##### STORED DATA #####

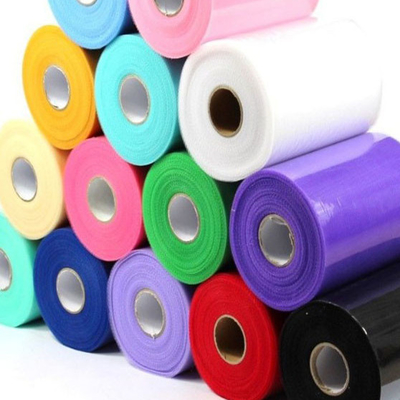 ซื้อ สไตล์ Organza ผ้าม้วน Anti Static และคุณภาพสูงสุด online manufacture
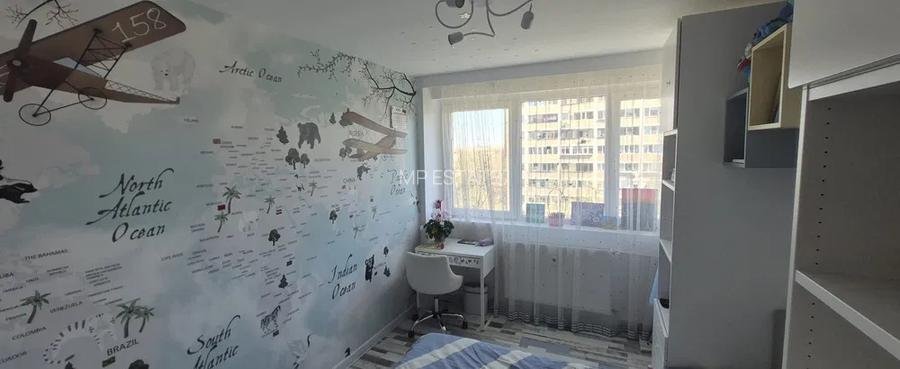 Apartament 3 Camere / Piata Muncii/ 3 min Metrou / Comision 0% - 5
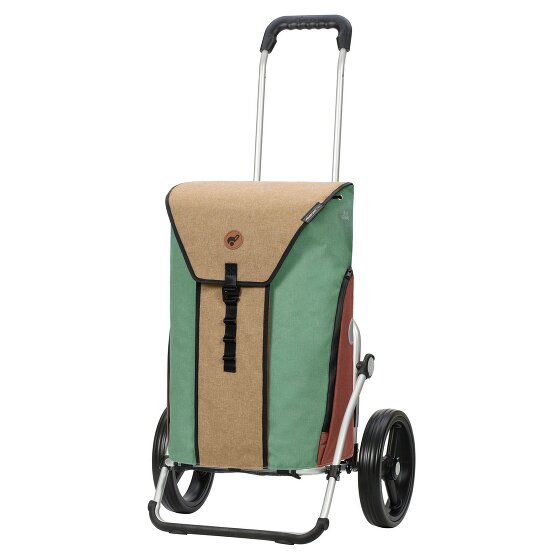 Andersen Shopper Royal Shopper Oli.P 2.0 Shopping Trolley 59 cm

#####

(EXERCISE DESCRIPTION): Transcribe the listing exactly, skipping pictures.

(YOUR SOLUTION):
 ซื้อ สไตล์ Organza ผ้าม้วน Anti Static และคุณภาพสูงสุด online manufacture
 Apartament 3 Camere / Piata Muncii/ 3 min Metrou / Comision 0% - 5
 Andersen Shopper Royal Shopper Oli.P 2.0 Shopping Trolley 59 cm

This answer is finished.